About the article series
In this series, we will cover the following topics:
- Getting started with Gemini API: Accessing the, API, making requests, creating chats, and the most important configuration options.
- Using embeddings: Learn about how we can utilize LLMs for more than just generating text
- Building RAGS: Learning about retrieval augmented generation and how to build RAG apps with Gemini and an Angular frontend
- Using multimodal capabilities: How to work with images, audio, and video in Gemini
- Building agentic AI apps: How to build apps that can reason, plan, and execute tasks on their own
- Slightly touching machine learning: How we can actually forgo LLMs entirely and build way more reliable AI tools tailored for very specific tasks
- A lot more!
Please do not assume this is going to be just a 7 article series, it is very possible I will break down the topics into way smaller chunks, so could end up with a lot more articles than just 7!
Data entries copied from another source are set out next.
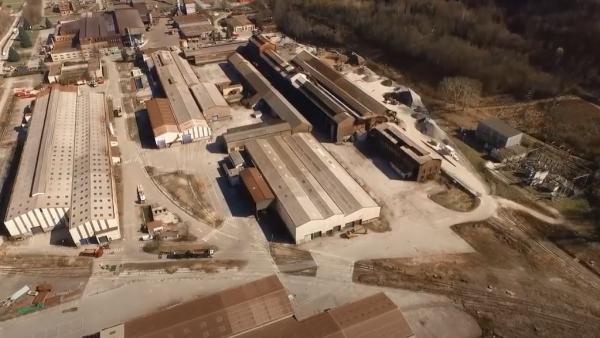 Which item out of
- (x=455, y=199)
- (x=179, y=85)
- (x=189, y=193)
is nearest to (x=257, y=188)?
(x=189, y=193)

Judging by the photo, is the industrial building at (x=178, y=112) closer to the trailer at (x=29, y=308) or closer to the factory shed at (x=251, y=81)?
the factory shed at (x=251, y=81)

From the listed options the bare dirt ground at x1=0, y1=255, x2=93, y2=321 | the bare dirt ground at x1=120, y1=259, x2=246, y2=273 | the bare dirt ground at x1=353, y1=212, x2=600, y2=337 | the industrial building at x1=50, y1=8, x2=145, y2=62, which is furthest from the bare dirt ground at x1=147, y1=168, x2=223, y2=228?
the industrial building at x1=50, y1=8, x2=145, y2=62

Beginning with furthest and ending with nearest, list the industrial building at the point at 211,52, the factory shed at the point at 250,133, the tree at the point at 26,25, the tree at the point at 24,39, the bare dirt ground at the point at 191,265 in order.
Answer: the tree at the point at 26,25 → the tree at the point at 24,39 → the industrial building at the point at 211,52 → the factory shed at the point at 250,133 → the bare dirt ground at the point at 191,265

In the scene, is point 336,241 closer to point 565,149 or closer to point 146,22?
point 565,149

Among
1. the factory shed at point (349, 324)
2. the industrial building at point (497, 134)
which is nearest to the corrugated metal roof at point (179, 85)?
the factory shed at point (349, 324)

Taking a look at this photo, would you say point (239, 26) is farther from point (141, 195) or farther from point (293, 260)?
point (293, 260)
So, let's start our journey into AI + Angular!
Getting started with Gemini API
Before we proceed, we must understand how exactly people build apps on top of LLMs. If you did not know that, and just assumed developers make API calls to OpenAI or Gemini or whatnot, well, you were entirely correct! (I swear I didn't generate this last phrase with AI :D).
However, it is even better than that, since Gemini (and other LLM providers, but we focus only on Gemini) offer a specialized SDK that makes it incredibly easy to work with the API. To get started, let's generate a new Angular app, and install the Gemini SDK inside it.
npm i @google/genai
This will install the Google Generative AI SDK, which we will then use to make requests to the Gemini API in a way that is better than spamming fetch
calls.
Now, before we proceed, we need to get over the first obstacles newcomers have to face, which often, in my experience, result in people being intimidated and giving up; that is getting an API token, and setting up billing, which lots of less experienced developers associate with spending money without seeing it, making them hesitant and afraid of sudden large charges.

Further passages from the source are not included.